PROVIDED DATA:
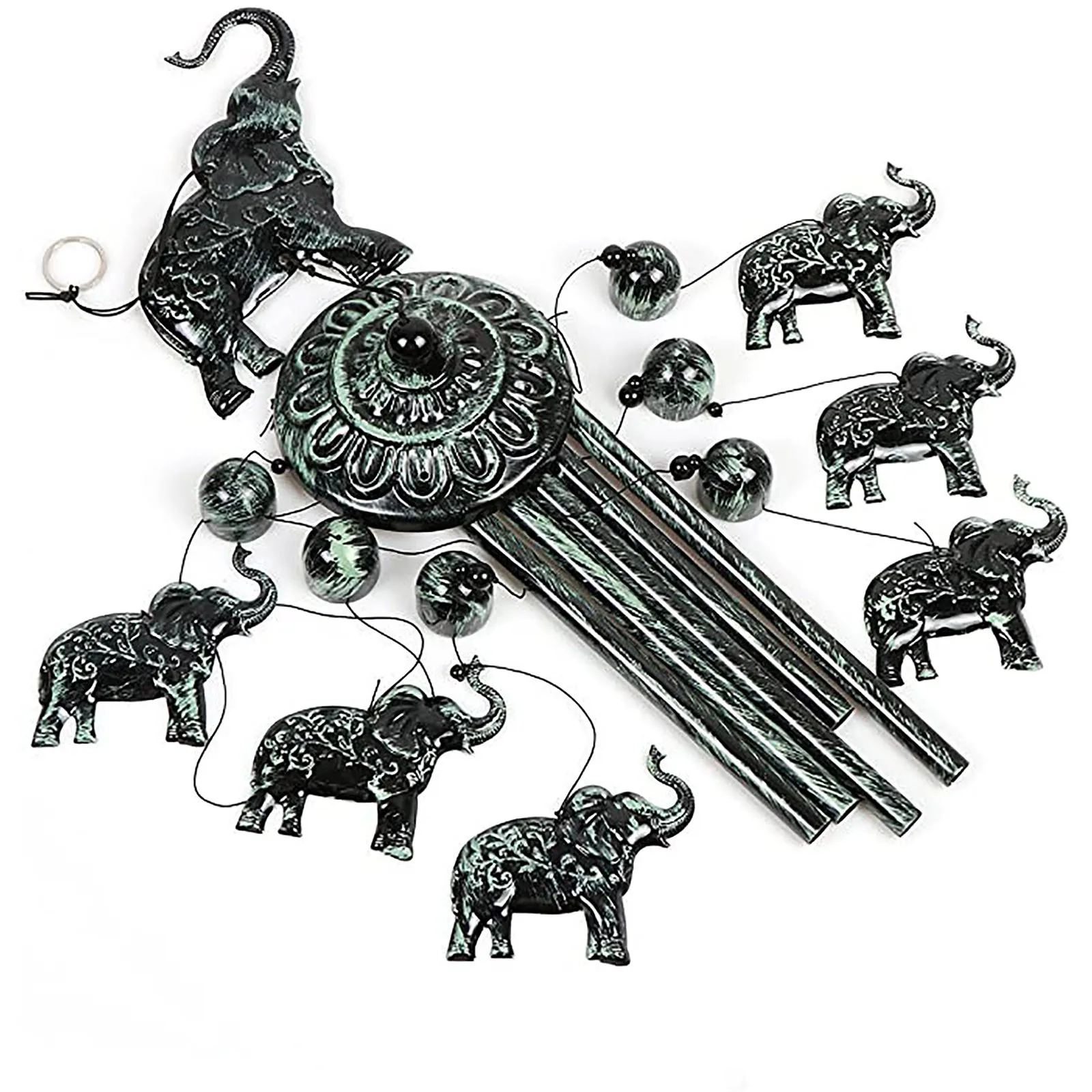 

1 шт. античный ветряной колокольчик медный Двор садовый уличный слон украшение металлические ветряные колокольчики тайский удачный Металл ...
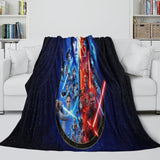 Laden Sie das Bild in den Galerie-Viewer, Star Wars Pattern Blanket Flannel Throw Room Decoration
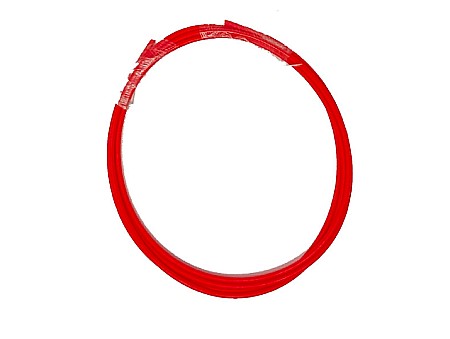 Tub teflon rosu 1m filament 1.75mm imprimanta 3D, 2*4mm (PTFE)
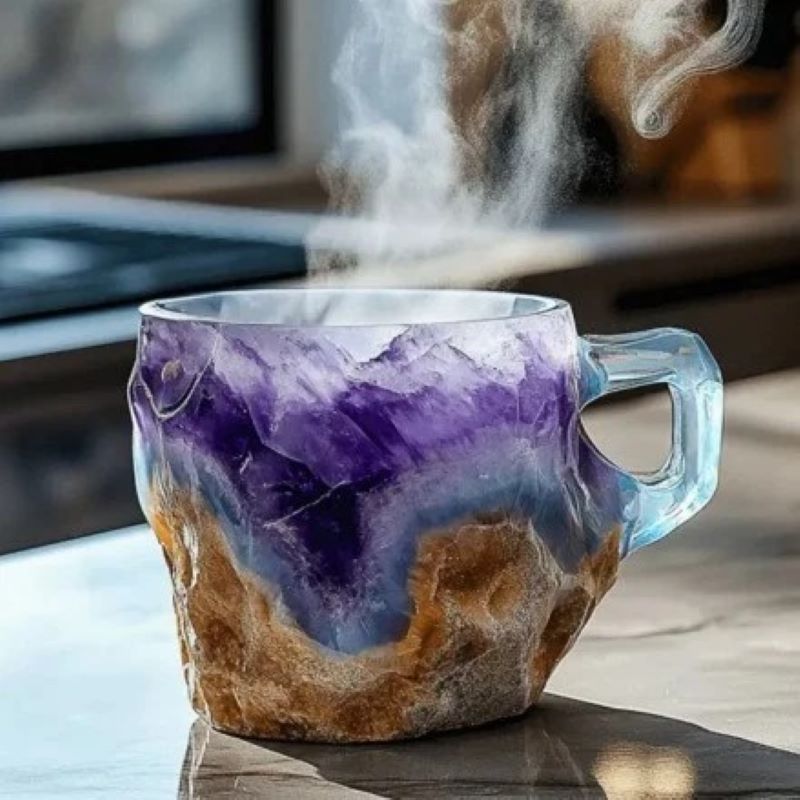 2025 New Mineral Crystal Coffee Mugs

TASK DESCRIPTION: Give again, word for word, the lines above from the one with "Laden Sie das" through the final line of the data, both ends included. Do not copy any picture.

ANSWER SPACE:
 Laden Sie das Bild in den Galerie-Viewer, Star Wars Pattern Blanket Flannel Throw Room Decoration
 Tub teflon rosu 1m filament 1.75mm imprimanta 3D, 2*4mm (PTFE)
 2025 New Mineral Crystal Coffee Mugs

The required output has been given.